Пусть по итогам войны Украина наконец воссоединится посредством передачи территорий Восточной Галиции от Австрии к России, но при условии, что все национальные права, которыми пользуются украинцы в Галиции под властью Австрии, будут не только сохранены за ними, но и будут предоставлены их соотечественникам во всех украинских губерниях, которые уже входят в состав Российской империи.

Если удастся достичь такого исхода, то дело, ради которого Союзники находятся в состоянии войны, только выиграет от этого. Такой вариант развития событий позволит отвратить тридцатимиллионную нацию от ее нынешней ориентации на тевтонские державы (Германия и Австро-Венгрия — прим.ИА Красная Весна), которой последние умело пользуются в своих попытках добиться превосходства в Европе. Такой исход устранит одну из самых серьезных причин задержки естественного развития нашего партнера — России. И он также будет отвечать принципам свободы и самоопределения, в верности которым мы совместно поклялись. Если же этого не случится, то пострадаем мы (и вся остальная Европа). Поэтому нам стоит тщательно обдумать украинский вопрос в связи с предстоящим европейским урегулированием. И это лишь один вопрос, взятый наугад из множества тех, которые встанут перед нами в этот судьбоносный момент. Для того, чтобы решить вопрос урегулирования мудро и справедливо (о другом исходе не хочется даже думать), не только каждый член совета, но и каждый житель каждой европейской страны должен иметь искренность помыслов и неутомимо проявлять добрую волю. Европа нуждается в их неустанной поддержке до тех пор, пока ситуация не будет спасена.

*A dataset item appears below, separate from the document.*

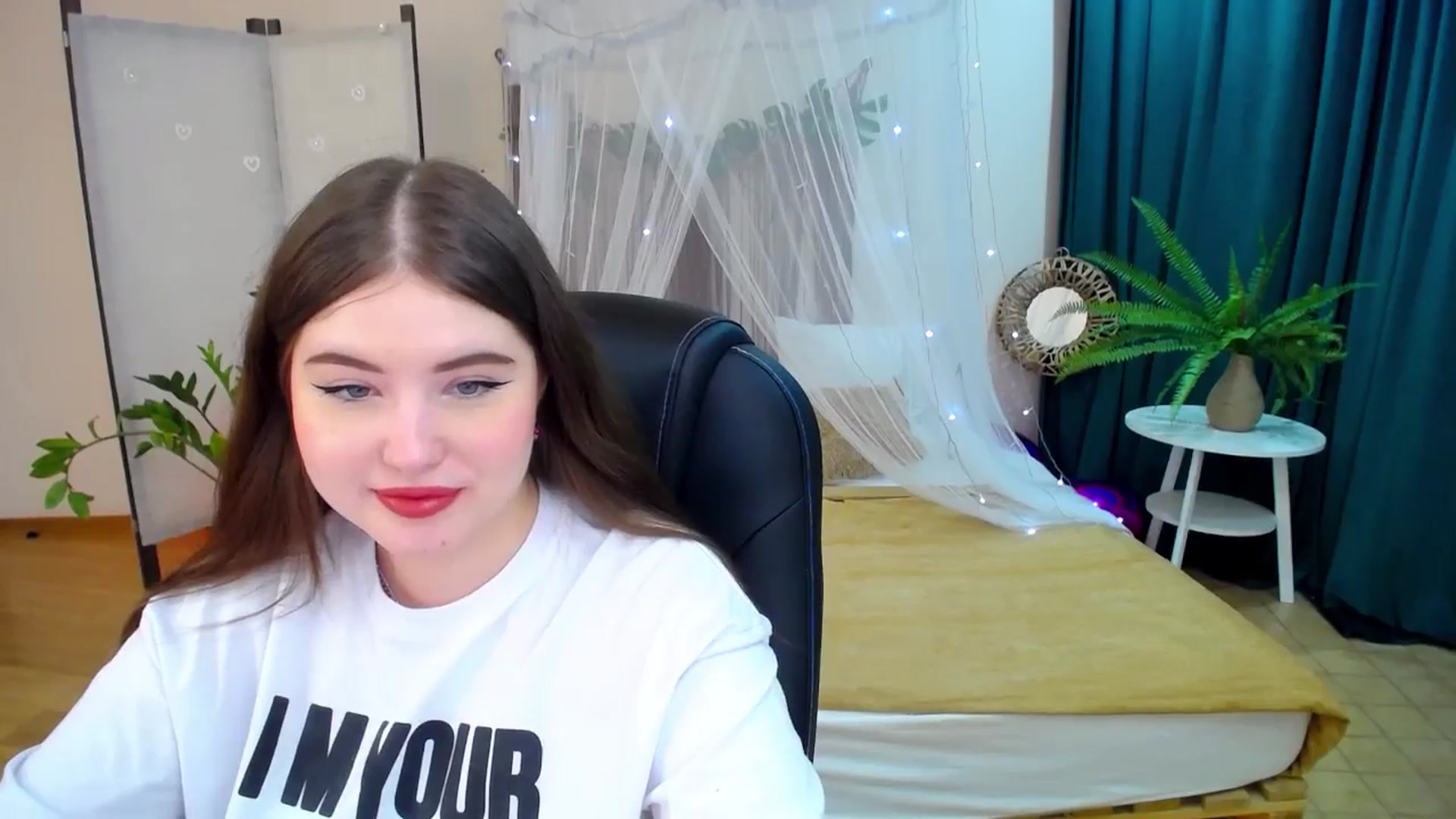 Gallery image thumbnail from AdmireMyEyes's myfreecams stream on, 03/09/2025, 20:15 image 5 of 20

¹«Ирредента» — итальянское движение, которое стремилось присоединить к Италии земли с частично итальянским населением, не вошедшие в состав Италии при ее объединении 1871 года.

² Пьемонт — область на северо-западе Италии. Жители Пьемонта традиционно рассматривают себя как отдельную этническую группу или субэтнос, который отличается как от итальянцев, так и от французов. Пьемонтский язык считается самостоятельным языком, а не диалектом итальянского.